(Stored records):
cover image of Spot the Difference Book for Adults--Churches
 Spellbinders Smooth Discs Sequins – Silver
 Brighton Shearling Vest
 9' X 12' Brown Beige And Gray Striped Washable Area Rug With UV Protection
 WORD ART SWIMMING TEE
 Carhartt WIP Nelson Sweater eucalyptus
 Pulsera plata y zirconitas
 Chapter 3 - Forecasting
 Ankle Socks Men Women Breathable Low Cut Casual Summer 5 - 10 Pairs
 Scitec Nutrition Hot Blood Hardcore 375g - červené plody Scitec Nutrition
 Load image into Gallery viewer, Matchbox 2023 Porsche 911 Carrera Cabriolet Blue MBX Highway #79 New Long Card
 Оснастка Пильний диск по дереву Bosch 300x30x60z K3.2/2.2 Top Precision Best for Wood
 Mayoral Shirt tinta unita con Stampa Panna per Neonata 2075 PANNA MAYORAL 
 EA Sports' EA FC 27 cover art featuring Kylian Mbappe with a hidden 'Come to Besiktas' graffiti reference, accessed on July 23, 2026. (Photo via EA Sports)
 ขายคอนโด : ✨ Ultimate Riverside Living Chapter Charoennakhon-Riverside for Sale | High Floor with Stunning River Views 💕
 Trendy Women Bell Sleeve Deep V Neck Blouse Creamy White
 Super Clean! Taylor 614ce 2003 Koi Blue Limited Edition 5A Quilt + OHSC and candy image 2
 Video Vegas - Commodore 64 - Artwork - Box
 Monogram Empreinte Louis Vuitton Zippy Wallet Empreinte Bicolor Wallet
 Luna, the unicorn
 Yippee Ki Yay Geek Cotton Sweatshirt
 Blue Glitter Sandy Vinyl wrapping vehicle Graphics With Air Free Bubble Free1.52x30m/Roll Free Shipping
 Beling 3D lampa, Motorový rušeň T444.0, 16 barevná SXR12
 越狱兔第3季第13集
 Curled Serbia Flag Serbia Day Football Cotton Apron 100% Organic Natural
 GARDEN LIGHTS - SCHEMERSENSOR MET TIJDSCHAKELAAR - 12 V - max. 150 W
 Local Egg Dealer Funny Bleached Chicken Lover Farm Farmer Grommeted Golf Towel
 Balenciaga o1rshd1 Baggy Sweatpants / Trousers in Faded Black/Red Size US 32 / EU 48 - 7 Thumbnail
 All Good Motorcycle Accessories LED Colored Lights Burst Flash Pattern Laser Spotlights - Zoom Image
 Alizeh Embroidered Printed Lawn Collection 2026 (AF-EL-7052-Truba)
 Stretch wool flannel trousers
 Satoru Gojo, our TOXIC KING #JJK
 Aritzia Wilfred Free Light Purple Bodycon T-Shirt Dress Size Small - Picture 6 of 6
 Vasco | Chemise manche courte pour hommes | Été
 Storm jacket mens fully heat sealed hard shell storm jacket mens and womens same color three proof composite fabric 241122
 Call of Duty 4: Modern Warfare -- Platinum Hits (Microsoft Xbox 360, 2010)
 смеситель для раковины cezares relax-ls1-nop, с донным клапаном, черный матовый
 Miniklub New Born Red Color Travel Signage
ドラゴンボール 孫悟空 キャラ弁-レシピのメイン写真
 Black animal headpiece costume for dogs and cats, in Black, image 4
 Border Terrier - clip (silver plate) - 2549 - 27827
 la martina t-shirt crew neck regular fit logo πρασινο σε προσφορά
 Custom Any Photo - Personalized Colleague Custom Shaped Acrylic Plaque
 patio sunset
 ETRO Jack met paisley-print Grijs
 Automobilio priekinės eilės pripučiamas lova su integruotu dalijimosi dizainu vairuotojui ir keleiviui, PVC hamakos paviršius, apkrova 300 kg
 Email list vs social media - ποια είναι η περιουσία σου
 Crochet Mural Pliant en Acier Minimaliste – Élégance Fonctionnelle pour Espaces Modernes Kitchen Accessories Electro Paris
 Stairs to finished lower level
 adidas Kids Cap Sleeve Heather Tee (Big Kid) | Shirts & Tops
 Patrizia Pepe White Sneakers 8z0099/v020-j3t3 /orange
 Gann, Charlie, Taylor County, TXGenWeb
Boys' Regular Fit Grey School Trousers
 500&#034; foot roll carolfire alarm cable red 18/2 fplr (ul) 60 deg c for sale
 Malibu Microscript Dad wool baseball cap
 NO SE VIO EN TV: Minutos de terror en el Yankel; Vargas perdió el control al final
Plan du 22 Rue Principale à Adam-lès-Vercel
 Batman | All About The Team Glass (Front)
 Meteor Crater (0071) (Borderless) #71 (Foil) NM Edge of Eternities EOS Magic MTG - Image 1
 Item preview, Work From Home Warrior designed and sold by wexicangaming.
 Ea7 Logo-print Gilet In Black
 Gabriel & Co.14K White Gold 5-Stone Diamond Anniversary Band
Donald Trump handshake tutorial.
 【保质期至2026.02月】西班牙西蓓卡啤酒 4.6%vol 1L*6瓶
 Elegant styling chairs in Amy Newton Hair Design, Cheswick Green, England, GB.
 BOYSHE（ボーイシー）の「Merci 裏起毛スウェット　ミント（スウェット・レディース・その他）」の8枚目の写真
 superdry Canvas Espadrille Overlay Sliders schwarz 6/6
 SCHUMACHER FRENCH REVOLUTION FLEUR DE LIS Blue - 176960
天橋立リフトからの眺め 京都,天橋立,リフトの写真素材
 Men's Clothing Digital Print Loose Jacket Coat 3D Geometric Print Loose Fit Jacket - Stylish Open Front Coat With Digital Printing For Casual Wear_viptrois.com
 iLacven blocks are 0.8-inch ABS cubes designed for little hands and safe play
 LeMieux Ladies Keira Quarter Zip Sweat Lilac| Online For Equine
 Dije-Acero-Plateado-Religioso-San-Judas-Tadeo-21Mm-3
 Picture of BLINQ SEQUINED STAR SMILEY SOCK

(What is needed):
Each line of the data must be retyped exactly.

(Result of the task):
cover image of Spot the Difference Book for Adults--Churches
 Spellbinders Smooth Discs Sequins – Silver
 Brighton Shearling Vest
 9' X 12' Brown Beige And Gray Striped Washable Area Rug With UV Protection
 WORD ART SWIMMING TEE
 Carhartt WIP Nelson Sweater eucalyptus
 Pulsera plata y zirconitas
 Chapter 3 - Forecasting
 Ankle Socks Men Women Breathable Low Cut Casual Summer 5 - 10 Pairs
 Scitec Nutrition Hot Blood Hardcore 375g - červené plody Scitec Nutrition
 Load image into Gallery viewer, Matchbox 2023 Porsche 911 Carrera Cabriolet Blue MBX Highway #79 New Long Card
 Оснастка Пильний диск по дереву Bosch 300x30x60z K3.2/2.2 Top Precision Best for Wood
 Mayoral Shirt tinta unita con Stampa Panna per Neonata 2075 PANNA MAYORAL 
 EA Sports' EA FC 27 cover art featuring Kylian Mbappe with a hidden 'Come to Besiktas' graffiti reference, accessed on July 23, 2026. (Photo via EA Sports)
 ขายคอนโด : ✨ Ultimate Riverside Living Chapter Charoennakhon-Riverside for Sale | High Floor with Stunning River Views 💕
 Trendy Women Bell Sleeve Deep V Neck Blouse Creamy White
 Super Clean! Taylor 614ce 2003 Koi Blue Limited Edition 5A Quilt + OHSC and candy image 2
 Video Vegas - Commodore 64 - Artwork - Box
 Monogram Empreinte Louis Vuitton Zippy Wallet Empreinte Bicolor Wallet
 Luna, the unicorn
 Yippee Ki Yay Geek Cotton Sweatshirt
 Blue Glitter Sandy Vinyl wrapping vehicle Graphics With Air Free Bubble Free1.52x30m/Roll Free Shipping
 Beling 3D lampa, Motorový rušeň T444.0, 16 barevná SXR12
 越狱兔第3季第13集
 Curled Serbia Flag Serbia Day Football Cotton Apron 100% Organic Natural
 GARDEN LIGHTS - SCHEMERSENSOR MET TIJDSCHAKELAAR - 12 V - max. 150 W
 Local Egg Dealer Funny Bleached Chicken Lover Farm Farmer Grommeted Golf Towel
 Balenciaga o1rshd1 Baggy Sweatpants / Trousers in Faded Black/Red Size US 32 / EU 48 - 7 Thumbnail
 All Good Motorcycle Accessories LED Colored Lights Burst Flash Pattern Laser Spotlights - Zoom Image
 Alizeh Embroidered Printed Lawn Collection 2026 (AF-EL-7052-Truba)
 Stretch wool flannel trousers
 Satoru Gojo, our TOXIC KING #JJK
 Aritzia Wilfred Free Light Purple Bodycon T-Shirt Dress Size Small - Picture 6 of 6
 Vasco | Chemise manche courte pour hommes | Été
 Storm jacket mens fully heat sealed hard shell storm jacket mens and womens same color three proof composite fabric 241122
 Call of Duty 4: Modern Warfare -- Platinum Hits (Microsoft Xbox 360, 2010)
 смеситель для раковины cezares relax-ls1-nop, с донным клапаном, черный матовый
 Miniklub New Born Red Color Travel Signage
ドラゴンボール 孫悟空 キャラ弁-レシピのメイン写真
 Black animal headpiece costume for dogs and cats, in Black, image 4
 Border Terrier - clip (silver plate) - 2549 - 27827
 la martina t-shirt crew neck regular fit logo πρασινο σε προσφορά
 Custom Any Photo - Personalized Colleague Custom Shaped Acrylic Plaque
 patio sunset
 ETRO Jack met paisley-print Grijs
 Automobilio priekinės eilės pripučiamas lova su integruotu dalijimosi dizainu vairuotojui ir keleiviui, PVC hamakos paviršius, apkrova 300 kg
 Email list vs social media - ποια είναι η περιουσία σου
 Crochet Mural Pliant en Acier Minimaliste – Élégance Fonctionnelle pour Espaces Modernes Kitchen Accessories Electro Paris
 Stairs to finished lower level
 adidas Kids Cap Sleeve Heather Tee (Big Kid) | Shirts & Tops
 Patrizia Pepe White Sneakers 8z0099/v020-j3t3 /orange
 Gann, Charlie, Taylor County, TXGenWeb
Boys' Regular Fit Grey School Trousers
 500&#034; foot roll carolfire alarm cable red 18/2 fplr (ul) 60 deg c for sale
 Malibu Microscript Dad wool baseball cap
 NO SE VIO EN TV: Minutos de terror en el Yankel; Vargas perdió el control al final
Plan du 22 Rue Principale à Adam-lès-Vercel
 Batman | All About The Team Glass (Front)
 Meteor Crater (0071) (Borderless) #71 (Foil) NM Edge of Eternities EOS Magic MTG - Image 1
 Item preview, Work From Home Warrior designed and sold by wexicangaming.
 Ea7 Logo-print Gilet In Black
 Gabriel & Co.14K White Gold 5-Stone Diamond Anniversary Band
Donald Trump handshake tutorial.
 【保质期至2026.02月】西班牙西蓓卡啤酒 4.6%vol 1L*6瓶
 Elegant styling chairs in Amy Newton Hair Design, Cheswick Green, England, GB.
 BOYSHE（ボーイシー）の「Merci 裏起毛スウェット　ミント（スウェット・レディース・その他）」の8枚目の写真
 superdry Canvas Espadrille Overlay Sliders schwarz 6/6
 SCHUMACHER FRENCH REVOLUTION FLEUR DE LIS Blue - 176960
天橋立リフトからの眺め 京都,天橋立,リフトの写真素材
 Men's Clothing Digital Print Loose Jacket Coat 3D Geometric Print Loose Fit Jacket - Stylish Open Front Coat With Digital Printing For Casual Wear_viptrois.com
 iLacven blocks are 0.8-inch ABS cubes designed for little hands and safe play
 LeMieux Ladies Keira Quarter Zip Sweat Lilac| Online For Equine
 Dije-Acero-Plateado-Religioso-San-Judas-Tadeo-21Mm-3
 Picture of BLINQ SEQUINED STAR SMILEY SOCK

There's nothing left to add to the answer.